En la penumbra eterna donde la noche extiende sus dedos de sombra, cuando las palabras se quiebran y el silencio se convierte en soberano, es el abrazo —esa danza muda de los cuerpos heridos— el que habla en nombre de lo que ya no puede decirse.

Allí, en el roce lento de piel contra piel, las almas se entrelazan como raíces antiguas bajo tierra maldita, encontrando un santuario que ni la furia del mundo ni el juicio del día pueden profanar.

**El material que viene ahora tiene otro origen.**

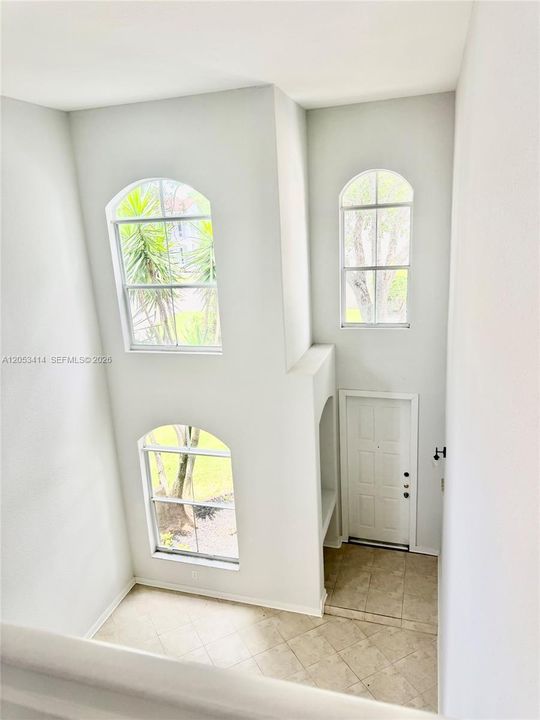 For Rent: $4,800 (3 beds, 2 baths, 2162 Square Feet)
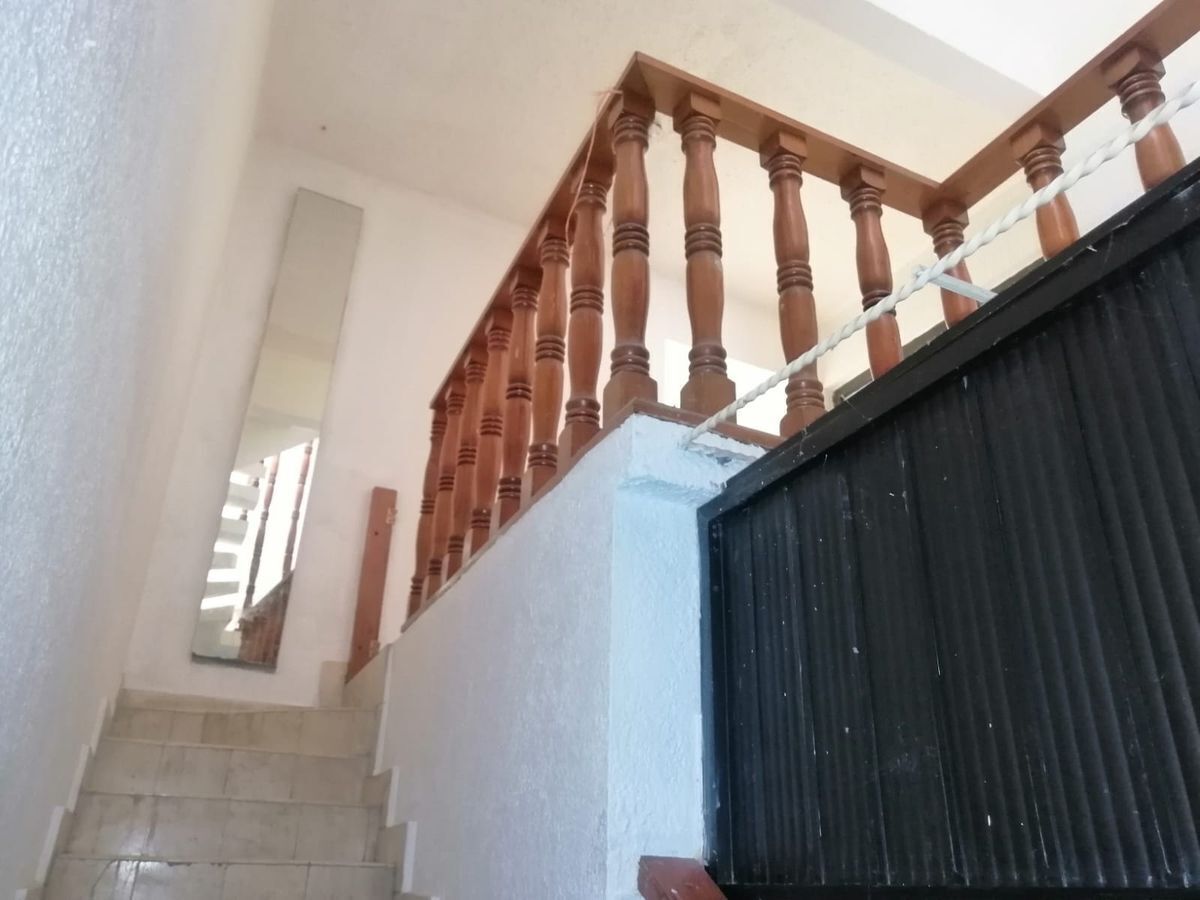 9 de 15: escalera a segunda planta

Los corazones, lúgubres tambores de carne, laten al unísono, y en esa cercanía sagrada se disuelven los temores como espectros ante la primera luz. Es un ritual callado, un hechizo sin palabras que funde las distancias y borra las fronteras que alguna vez separaron. Abrazar a quien se ama es regresar al castillo derruido del alma, al único lugar donde las heridas no supuran soledad, sino se curan en el calor compartido.

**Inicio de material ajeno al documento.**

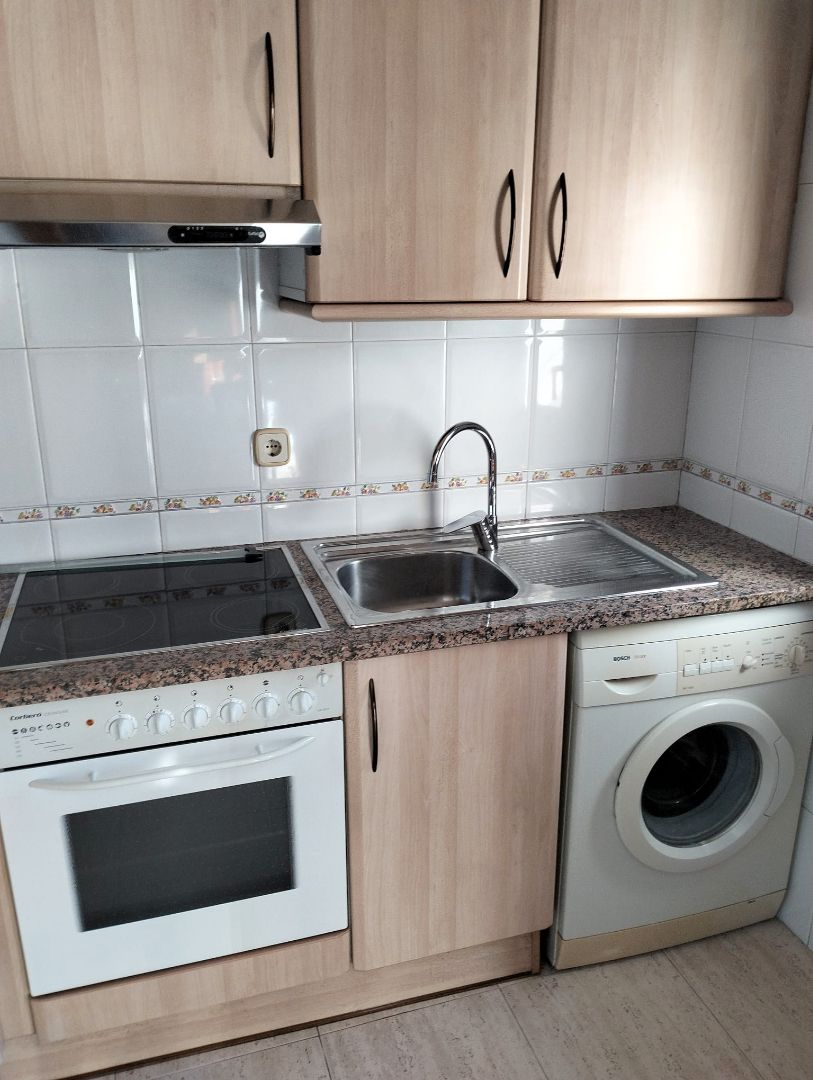 Cuina de Pis en venda en Santa Coloma de Farners amb Calefacció, Traster i Moblat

En ese instante suspendido, donde el tiempo pierde su filo y el caos se detiene a respirar, el contacto se vuelve una promesa más honda que cualquier juramento: la piel no miente, no teme, no traiciona. Es un pacto de carne y espíritu, un eco de eternidad en un mundo condenado a desmoronarse. Los miedos se diluyen como ceniza en el viento, y la dicha —tan frágil como una mariposa nocturna— encuentra su refugio en el corazón ajeno.

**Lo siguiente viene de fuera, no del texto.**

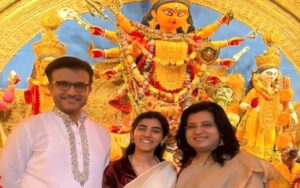 Durga Puja: Sourav Ganguly offers prayers along with his family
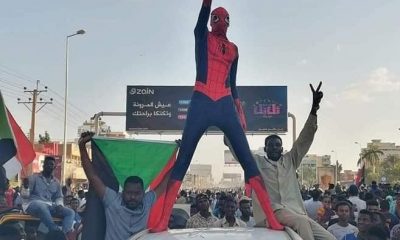 بالصور«سبايدر مان» يشارك في مظاهرات السودان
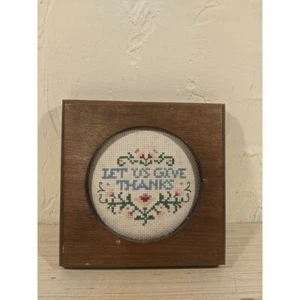 VINTAGE Small Square Wood Plaque With Embroidered Insert LET US GIVE THANKS - Picture 1 of 4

No es solo un acto físico. Es una comunión oscura, una plegaria murmurada al oído del destino. Allí donde el amor florece incluso en los rincones más sombríos, donde el alma desnuda encuentra su reflejo y no tiembla. Porque en ese abrazo, dos almas se funden como sombras bajo la luna, y por un efímero instante… todo cobra sentido, incluso la noche.
Lo escribí el 29 de septiembre de 2024, cuando el corazón me pesaba y el alma buscaba un refugio en el recuerdo de un abrazo que aún no llegaba. Esa noche comprendí que, incluso en la ausencia, el amor puede sentirse tan real como la brisa que roza la piel en la oscuridad.